Thanks. I have read that paper! The real world is way more complicated... You ca...

Thanks. I have read that paper!

The real world is way more complicated...

You can think about each host as its own markov chain: they may be serving, have hidden or diagnosed problems at various confidence levels, be on route to various remedial processes (reboot/reinstall/repairs I cited above, to simplify), require software/firmware changes, scheduled or opportunistic diagnostics (e.g. periodic deep-screening for otherwise silent problems).

Repair workflows are even more complicated and depend on the specific of the fault, and connection of components (e.g. a system diagnosed with a missing GPU may be because a cable or an interposer card is not seated correctly). Also, repair time is modulated by work shifts and some details of the logistics in datacenters.

Parts can become bottlenecks too. I remember one time in the early TPUv3 days: we had delays in recovering from a large incident because of fault-positive diagnoses of a $4 fan, that was widely used in all systems.

Add that nowadays systems are not one host and some attached cards, but have multiple nodes: e.g. the simplest combination is a main compute node and the smart nic / IPU, but some systems can be a lot more complicated.

So these alone are a hierarchical markov chains, with inhomogeneous arrival times and service times that are themselves time-dependent functions. There are also a lot of long-term memory effects, ensemble average is not necessarily the the time average. Chaotic behavior, in the mathematical sense, is common.

Systems are built with field replaceable units (FRU): e.g. in some generations, you can't swap one GPU in a server that has 8, you have the swap a whole block of them. You can choose when to repair, to maximize TCO/$ based on usage patterns (how many users want all GPUs vs. a smaller number).

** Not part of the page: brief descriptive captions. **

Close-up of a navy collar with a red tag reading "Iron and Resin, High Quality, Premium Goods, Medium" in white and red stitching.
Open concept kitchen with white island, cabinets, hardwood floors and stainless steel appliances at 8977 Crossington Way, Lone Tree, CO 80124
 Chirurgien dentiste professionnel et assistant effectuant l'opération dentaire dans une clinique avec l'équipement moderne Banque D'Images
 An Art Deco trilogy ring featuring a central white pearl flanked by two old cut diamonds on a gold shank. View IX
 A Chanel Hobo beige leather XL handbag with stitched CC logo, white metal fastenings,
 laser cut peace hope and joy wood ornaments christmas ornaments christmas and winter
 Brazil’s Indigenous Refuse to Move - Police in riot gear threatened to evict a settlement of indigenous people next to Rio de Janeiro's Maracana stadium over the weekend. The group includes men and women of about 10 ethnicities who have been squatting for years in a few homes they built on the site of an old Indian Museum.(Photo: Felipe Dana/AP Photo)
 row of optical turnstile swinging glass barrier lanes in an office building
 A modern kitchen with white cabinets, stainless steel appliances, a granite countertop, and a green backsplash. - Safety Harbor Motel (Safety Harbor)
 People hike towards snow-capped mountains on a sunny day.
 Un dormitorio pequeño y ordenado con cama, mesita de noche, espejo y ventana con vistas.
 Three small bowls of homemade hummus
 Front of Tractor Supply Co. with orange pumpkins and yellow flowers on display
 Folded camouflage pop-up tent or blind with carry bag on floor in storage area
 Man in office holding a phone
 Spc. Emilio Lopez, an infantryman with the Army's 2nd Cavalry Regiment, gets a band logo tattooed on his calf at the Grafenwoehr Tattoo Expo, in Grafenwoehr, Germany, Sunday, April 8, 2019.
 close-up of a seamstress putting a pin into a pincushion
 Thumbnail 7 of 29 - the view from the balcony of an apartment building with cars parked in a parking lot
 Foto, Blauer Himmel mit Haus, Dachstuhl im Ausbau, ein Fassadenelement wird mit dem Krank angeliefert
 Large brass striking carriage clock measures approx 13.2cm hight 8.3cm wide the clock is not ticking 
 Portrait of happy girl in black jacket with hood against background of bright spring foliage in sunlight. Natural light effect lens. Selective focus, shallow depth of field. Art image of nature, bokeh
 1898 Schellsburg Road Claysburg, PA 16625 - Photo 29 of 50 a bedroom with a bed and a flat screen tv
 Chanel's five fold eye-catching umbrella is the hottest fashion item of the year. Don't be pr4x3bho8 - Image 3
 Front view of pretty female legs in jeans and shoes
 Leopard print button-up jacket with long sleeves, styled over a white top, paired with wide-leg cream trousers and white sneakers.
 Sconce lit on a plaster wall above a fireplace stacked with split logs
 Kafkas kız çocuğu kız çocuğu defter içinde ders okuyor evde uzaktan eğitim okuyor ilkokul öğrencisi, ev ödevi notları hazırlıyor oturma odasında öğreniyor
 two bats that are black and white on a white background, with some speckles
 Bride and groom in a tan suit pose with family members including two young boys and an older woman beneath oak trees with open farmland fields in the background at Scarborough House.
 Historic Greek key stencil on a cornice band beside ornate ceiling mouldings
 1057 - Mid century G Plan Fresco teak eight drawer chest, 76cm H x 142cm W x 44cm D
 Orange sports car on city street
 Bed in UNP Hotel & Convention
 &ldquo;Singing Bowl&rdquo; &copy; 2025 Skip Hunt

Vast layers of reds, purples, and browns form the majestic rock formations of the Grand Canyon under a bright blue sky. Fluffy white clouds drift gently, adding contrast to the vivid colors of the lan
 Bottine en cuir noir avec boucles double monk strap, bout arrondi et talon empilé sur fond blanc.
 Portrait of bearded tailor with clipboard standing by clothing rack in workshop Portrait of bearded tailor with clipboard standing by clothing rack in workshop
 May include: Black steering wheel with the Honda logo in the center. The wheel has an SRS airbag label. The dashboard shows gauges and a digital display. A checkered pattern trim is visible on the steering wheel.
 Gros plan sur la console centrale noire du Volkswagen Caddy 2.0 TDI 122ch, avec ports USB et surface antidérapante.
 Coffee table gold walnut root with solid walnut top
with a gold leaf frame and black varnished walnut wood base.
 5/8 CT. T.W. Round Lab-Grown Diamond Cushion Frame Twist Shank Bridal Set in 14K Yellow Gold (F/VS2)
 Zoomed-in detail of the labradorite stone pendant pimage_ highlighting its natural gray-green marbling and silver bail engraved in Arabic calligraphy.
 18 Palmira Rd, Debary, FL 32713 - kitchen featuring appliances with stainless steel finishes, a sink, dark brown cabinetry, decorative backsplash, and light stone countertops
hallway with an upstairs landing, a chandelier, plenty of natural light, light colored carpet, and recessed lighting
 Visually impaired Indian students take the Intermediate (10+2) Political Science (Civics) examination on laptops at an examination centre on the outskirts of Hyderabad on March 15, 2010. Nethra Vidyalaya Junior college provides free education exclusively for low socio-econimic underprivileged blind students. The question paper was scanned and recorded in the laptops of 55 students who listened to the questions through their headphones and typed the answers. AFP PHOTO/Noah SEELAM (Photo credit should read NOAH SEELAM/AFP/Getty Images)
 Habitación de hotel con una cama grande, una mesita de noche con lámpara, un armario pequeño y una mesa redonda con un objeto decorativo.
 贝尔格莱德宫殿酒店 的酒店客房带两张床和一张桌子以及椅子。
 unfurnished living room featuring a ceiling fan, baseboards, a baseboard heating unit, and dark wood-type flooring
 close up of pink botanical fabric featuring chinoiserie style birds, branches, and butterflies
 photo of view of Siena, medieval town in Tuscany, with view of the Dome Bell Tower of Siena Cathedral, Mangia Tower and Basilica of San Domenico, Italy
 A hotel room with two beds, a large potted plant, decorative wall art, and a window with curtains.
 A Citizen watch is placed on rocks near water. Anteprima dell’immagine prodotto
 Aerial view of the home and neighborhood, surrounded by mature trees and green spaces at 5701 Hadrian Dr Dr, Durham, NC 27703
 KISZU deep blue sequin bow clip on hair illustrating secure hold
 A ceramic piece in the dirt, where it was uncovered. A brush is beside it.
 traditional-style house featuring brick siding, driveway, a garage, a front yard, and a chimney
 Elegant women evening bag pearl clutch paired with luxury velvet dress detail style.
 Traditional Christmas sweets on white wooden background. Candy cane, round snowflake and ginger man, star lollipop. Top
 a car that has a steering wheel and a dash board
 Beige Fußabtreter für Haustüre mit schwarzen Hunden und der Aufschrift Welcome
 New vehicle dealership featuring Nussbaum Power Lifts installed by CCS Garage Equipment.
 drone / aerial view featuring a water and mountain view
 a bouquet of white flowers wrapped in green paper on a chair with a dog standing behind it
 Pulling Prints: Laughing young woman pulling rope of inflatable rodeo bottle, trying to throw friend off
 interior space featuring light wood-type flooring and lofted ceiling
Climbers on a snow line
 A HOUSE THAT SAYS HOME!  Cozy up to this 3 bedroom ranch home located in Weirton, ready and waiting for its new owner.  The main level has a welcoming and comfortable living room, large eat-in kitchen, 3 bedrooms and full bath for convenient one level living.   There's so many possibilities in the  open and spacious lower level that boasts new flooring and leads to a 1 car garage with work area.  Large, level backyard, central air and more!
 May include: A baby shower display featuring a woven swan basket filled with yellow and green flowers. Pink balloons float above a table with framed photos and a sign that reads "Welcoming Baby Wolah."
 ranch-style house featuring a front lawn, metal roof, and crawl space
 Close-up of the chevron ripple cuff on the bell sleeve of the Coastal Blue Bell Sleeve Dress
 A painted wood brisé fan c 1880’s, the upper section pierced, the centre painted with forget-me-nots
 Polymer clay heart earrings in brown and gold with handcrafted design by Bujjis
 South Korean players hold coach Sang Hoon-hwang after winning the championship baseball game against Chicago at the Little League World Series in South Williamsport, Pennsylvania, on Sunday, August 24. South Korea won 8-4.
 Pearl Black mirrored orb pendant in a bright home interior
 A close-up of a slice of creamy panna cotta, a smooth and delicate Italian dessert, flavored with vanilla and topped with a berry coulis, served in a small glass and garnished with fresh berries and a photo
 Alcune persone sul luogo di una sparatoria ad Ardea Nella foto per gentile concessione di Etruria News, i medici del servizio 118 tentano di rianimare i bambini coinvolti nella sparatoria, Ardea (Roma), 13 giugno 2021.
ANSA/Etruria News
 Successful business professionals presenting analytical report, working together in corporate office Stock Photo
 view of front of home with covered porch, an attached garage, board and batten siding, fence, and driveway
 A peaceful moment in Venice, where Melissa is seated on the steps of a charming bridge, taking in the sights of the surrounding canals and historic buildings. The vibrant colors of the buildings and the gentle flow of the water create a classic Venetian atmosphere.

Some systems (e.g. TPU pods) have links between accelerator trays, both within a physical rack and across them. So the usefulness of the neighbor system is reduced while a host/tray is being services, and you can have the equivalent of deadlock/livelock in repair dependencies.

Cluster scheduling and management is designed to maximize service levels, minimizing disruptions. This also implies that some disruptions (e.g. when you do some repairs) is driven by what workloads you run. Workloads are power-law distributed in size, so you have small-world network dynamics and the potential for supercritical behavior: both in disruptions (picture jobs preempting other jobs as a graph) but also in risks (add to the previous picture, one job that trigger an hardware problem).

Multiply these by several thousands to get the size of a datacenter cluster. Add supporting compute+storage, networking, power and thermal constraints. Multiply these by the number of clusters (Some hyperscalers have global scheduling systems, that make it possible to see the whole ML fleet as one). Add rare events, because at this scale you start to think about utility and electrical grid failures.

Figuring out what to do in control systems for the current ML fleet is one problem. Simulating what kind of service the future systems a few generations of hardware, software, datacenter design down the line should provide, so you can define what you can offer, influence the designs and make the right investments... it's more complicated. Both of these two problems are my current job.